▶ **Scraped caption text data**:
----

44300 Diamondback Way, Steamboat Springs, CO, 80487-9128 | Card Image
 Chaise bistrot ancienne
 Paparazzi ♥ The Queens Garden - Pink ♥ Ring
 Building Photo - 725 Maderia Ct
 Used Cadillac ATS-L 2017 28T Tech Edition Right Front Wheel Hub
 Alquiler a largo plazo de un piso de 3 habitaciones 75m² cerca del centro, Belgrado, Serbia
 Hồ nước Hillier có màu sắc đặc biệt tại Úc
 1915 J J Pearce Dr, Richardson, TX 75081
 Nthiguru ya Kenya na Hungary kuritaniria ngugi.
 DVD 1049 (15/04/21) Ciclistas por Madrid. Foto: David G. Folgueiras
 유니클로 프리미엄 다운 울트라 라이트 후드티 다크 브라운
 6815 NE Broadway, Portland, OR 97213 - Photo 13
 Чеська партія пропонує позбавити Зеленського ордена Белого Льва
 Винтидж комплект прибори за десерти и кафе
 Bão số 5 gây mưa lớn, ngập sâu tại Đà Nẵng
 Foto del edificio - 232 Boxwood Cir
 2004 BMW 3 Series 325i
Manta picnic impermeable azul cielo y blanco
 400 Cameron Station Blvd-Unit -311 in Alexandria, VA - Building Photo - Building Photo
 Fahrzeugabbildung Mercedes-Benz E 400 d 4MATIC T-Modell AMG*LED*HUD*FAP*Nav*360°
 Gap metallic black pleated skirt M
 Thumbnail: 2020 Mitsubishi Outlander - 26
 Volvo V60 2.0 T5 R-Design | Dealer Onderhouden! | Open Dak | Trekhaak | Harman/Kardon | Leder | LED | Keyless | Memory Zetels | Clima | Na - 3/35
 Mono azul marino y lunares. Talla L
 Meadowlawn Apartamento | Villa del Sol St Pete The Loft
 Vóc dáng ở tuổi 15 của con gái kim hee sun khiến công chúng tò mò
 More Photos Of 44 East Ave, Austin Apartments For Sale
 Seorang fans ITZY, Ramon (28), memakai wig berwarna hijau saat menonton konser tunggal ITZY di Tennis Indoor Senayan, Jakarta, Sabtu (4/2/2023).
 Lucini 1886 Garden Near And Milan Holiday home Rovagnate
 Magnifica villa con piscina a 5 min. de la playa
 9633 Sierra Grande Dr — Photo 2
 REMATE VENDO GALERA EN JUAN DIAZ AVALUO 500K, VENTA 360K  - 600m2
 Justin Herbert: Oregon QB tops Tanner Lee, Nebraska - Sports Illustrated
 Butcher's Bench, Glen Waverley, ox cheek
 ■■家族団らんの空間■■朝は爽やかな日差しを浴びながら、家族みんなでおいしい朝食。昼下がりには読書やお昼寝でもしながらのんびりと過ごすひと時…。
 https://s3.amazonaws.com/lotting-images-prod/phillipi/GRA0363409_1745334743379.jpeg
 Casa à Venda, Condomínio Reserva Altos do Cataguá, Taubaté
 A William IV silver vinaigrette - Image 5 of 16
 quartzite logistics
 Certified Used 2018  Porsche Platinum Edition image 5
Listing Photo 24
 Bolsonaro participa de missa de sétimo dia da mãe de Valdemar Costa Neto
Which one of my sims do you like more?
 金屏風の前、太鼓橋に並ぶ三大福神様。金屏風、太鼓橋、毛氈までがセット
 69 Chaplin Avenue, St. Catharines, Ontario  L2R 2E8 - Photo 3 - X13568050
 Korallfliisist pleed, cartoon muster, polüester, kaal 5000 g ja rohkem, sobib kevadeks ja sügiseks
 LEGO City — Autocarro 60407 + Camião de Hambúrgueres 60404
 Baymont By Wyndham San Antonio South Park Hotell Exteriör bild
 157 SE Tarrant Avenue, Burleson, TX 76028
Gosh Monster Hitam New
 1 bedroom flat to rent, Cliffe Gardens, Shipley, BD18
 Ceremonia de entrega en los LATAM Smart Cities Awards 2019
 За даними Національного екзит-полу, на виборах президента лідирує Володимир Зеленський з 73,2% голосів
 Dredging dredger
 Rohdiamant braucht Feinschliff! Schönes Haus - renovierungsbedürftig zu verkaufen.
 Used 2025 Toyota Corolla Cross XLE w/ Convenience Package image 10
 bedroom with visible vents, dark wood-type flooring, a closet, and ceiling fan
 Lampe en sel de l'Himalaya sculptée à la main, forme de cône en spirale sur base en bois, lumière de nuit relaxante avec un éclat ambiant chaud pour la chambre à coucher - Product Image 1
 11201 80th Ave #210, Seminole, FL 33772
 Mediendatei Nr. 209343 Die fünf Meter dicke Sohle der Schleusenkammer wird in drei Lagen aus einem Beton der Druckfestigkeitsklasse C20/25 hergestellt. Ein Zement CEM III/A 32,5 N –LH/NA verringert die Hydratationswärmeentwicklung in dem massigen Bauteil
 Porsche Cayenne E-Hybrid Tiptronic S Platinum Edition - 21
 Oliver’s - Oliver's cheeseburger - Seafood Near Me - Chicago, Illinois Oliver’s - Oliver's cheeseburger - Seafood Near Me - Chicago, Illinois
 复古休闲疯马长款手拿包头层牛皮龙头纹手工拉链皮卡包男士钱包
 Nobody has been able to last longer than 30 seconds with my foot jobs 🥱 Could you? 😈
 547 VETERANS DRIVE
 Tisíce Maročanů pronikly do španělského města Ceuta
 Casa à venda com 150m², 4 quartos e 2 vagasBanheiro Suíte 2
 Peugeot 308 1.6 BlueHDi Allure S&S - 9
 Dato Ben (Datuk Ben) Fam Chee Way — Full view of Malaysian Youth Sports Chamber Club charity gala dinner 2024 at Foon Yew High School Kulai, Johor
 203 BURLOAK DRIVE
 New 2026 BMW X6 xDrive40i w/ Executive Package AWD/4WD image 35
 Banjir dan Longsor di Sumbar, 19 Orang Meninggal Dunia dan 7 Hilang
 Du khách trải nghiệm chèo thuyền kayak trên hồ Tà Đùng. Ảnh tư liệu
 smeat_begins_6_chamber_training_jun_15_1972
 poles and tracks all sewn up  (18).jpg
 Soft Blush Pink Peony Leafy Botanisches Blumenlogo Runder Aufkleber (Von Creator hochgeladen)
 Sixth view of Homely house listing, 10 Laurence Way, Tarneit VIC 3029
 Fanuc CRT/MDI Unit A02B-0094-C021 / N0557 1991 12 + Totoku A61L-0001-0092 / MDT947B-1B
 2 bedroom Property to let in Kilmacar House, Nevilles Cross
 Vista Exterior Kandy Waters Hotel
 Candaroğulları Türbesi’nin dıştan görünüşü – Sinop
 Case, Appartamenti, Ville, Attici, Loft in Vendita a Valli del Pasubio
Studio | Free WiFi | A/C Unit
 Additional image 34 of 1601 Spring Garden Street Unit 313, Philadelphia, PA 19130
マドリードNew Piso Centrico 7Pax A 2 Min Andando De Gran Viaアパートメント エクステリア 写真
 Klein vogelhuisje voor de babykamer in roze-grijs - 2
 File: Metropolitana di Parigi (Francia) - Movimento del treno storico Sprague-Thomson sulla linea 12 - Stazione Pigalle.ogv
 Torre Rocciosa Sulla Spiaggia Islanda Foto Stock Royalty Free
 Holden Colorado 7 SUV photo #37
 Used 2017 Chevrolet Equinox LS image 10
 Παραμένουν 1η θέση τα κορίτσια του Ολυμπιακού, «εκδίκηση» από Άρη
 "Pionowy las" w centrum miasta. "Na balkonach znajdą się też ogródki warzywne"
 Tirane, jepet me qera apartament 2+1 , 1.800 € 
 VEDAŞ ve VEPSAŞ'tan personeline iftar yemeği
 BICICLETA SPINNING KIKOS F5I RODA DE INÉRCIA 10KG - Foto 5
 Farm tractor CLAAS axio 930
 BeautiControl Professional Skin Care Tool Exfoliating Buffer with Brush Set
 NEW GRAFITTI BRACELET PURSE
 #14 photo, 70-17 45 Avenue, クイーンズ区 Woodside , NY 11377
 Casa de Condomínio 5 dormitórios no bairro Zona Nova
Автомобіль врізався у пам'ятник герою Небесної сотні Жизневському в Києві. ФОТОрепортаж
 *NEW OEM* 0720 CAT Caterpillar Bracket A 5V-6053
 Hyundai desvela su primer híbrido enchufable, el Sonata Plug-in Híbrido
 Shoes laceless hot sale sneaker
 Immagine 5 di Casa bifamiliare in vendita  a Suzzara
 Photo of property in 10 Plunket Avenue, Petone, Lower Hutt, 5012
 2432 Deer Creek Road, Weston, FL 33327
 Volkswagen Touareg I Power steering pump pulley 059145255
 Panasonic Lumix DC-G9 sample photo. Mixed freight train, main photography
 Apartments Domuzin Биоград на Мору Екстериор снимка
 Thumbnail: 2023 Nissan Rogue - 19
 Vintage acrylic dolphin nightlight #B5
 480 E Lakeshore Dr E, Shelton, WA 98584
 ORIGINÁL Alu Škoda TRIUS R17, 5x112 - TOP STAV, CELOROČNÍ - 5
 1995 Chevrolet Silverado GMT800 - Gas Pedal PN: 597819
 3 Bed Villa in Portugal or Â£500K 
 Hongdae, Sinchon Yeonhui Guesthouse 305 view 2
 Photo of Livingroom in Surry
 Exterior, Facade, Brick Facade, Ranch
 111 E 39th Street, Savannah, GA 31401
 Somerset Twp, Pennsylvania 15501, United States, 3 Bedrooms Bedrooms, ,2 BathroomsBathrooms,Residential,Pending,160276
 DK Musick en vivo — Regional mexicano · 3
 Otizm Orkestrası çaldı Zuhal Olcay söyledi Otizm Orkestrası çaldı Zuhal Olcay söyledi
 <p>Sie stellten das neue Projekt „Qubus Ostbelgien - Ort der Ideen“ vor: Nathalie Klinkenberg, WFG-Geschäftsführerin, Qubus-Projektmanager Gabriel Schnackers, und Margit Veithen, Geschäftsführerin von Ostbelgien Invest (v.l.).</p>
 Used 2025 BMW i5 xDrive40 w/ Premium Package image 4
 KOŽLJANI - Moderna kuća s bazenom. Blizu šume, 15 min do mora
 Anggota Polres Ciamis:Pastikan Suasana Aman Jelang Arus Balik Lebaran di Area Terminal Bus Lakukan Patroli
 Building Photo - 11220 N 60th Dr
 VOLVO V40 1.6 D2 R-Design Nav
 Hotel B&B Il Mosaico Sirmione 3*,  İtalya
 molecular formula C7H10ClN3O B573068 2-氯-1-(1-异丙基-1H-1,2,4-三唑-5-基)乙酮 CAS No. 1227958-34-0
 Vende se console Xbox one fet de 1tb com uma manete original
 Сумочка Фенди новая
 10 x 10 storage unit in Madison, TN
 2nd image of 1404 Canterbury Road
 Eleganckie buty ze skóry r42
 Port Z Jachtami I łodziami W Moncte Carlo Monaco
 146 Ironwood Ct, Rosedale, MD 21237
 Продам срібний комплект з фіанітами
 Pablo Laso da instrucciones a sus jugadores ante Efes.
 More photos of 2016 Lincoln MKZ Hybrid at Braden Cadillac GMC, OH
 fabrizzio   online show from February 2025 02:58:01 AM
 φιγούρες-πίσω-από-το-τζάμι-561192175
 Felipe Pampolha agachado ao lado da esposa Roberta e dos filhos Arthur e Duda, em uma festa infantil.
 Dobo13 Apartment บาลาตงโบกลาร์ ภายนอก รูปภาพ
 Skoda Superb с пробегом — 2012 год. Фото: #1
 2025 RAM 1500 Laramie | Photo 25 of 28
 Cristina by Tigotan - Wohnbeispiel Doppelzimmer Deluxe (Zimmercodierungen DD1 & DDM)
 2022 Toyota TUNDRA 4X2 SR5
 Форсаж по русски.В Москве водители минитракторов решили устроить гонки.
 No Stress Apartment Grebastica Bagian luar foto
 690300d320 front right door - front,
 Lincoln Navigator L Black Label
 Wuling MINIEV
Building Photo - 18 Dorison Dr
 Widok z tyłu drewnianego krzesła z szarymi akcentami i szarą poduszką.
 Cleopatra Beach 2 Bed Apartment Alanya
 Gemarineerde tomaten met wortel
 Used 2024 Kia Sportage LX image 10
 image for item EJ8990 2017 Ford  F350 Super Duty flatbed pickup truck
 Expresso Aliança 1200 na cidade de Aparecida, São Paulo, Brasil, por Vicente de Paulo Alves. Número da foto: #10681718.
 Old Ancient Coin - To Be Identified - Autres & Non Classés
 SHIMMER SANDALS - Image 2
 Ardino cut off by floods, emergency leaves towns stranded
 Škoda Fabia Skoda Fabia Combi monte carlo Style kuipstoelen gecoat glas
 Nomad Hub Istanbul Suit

----

Return word for word the lines above from the line with "File: Metropolitana di" to the line with "Tirane, jepet me", including both and leaving out all others.

 File: Metropolitana di Parigi (Francia) - Movimento del treno storico Sprague-Thomson sulla linea 12 - Stazione Pigalle.ogv
 Torre Rocciosa Sulla Spiaggia Islanda Foto Stock Royalty Free
 Holden Colorado 7 SUV photo #37
 Used 2017 Chevrolet Equinox LS image 10
 Παραμένουν 1η θέση τα κορίτσια του Ολυμπιακού, «εκδίκηση» από Άρη
 "Pionowy las" w centrum miasta. "Na balkonach znajdą się też ogródki warzywne"
 Tirane, jepet me qera apartament 2+1 , 1.800 € 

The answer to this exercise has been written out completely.